From the ECB’s perspective, it’s fortunate that the practice of linking wage raises to the inflation rate is less common now in Europe than it was in the 1970s. Inflation is increasing at an annual rate of 7.4%, and the bank is desperate to avoid a spiral whereby higher consumer prices beget higher wages, which further lift the price of goods and services.
Not indexing wages to rising prices makes those dreaded second-round inflation effects less likely — but the cost is borne by workers whose purchasing power gets diminished.
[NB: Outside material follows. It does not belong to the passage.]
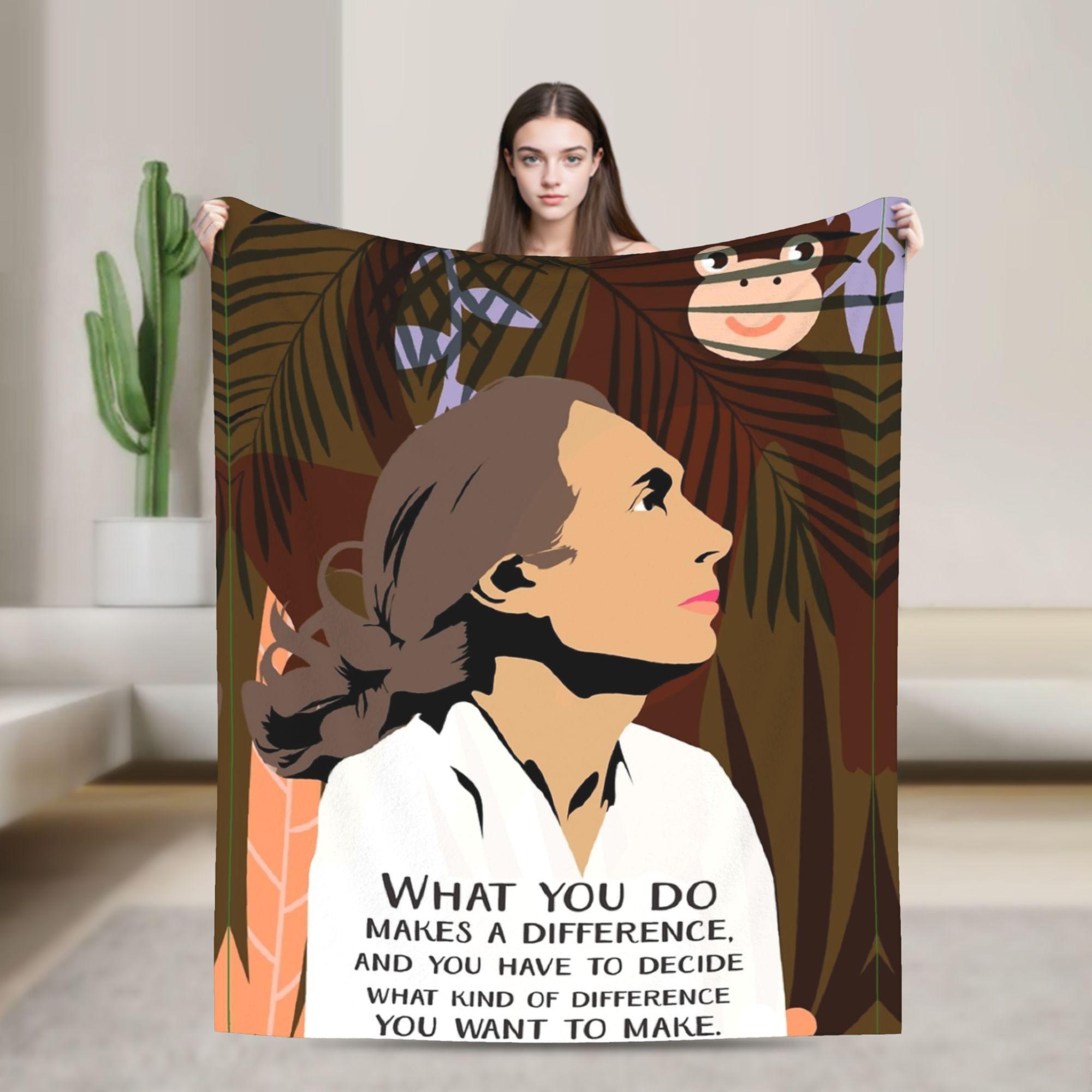 

Jane Goodall Inspired Chimpanzee Blankets Coral Fleece Plush Textile Decor Soft Throw Blankets for Home Office Bedding Throws 75x90cm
The longer inflation persists, though, the greater pressure there will be to incorporate cost-of-living adjustments in pay. Asking people to simply forgo big salary increases, as Bank of England governor Andrew Bailey rather insensitively did in February, won’t cut it. Workers right now also have some leverage: Eurozone unemployment is at historic lows, and organised labour retains a strong voice on this side of the Atlantic. This week, an influential trade union representing German steel employees demanded an 8.2% pay increase.
Workers have reason to feel short-changed, too. Indexation is widely used in the economy to protect the real value of payments. Companies, for example, frequently insist on indexation clauses, allowing them to pass on raw material price increases and other costs to clients. Regulated utilities, telecoms companies and commercial real estate providers are particularly skilled at this. No wonder corporate profits are still going gangbusters.
State pensions are also fairly well protected from inflation. Almost all euro-area public pension plans are fully or partially indexed, as is US Social Security, which rose by 5.9% in 2022, the largest bump in 40 years.
Pensioners can still experience a real income squeeze due to the time lag between when prices rise and when benefits payments go up. That’s why French President Emmanuel Macron promised retirees their pensions would be re-indexed from the summer instead of from January. In contrast, UK state pensions this month rose by just 3.1%, the inflation rate that applied last fall, which is less than half the now prevailing rate of price increases.
Indexation also has an important role in taxation, normally to prevent workers from being penalized when nominal wages rise. Boris Johnson’s government, however, last year froze indexation of key income taxation thresholds until 2026. That means rising nominal wages will cause more UK earners to fall into a higher tax bracket, exacerbating the cost-of-living squeeze.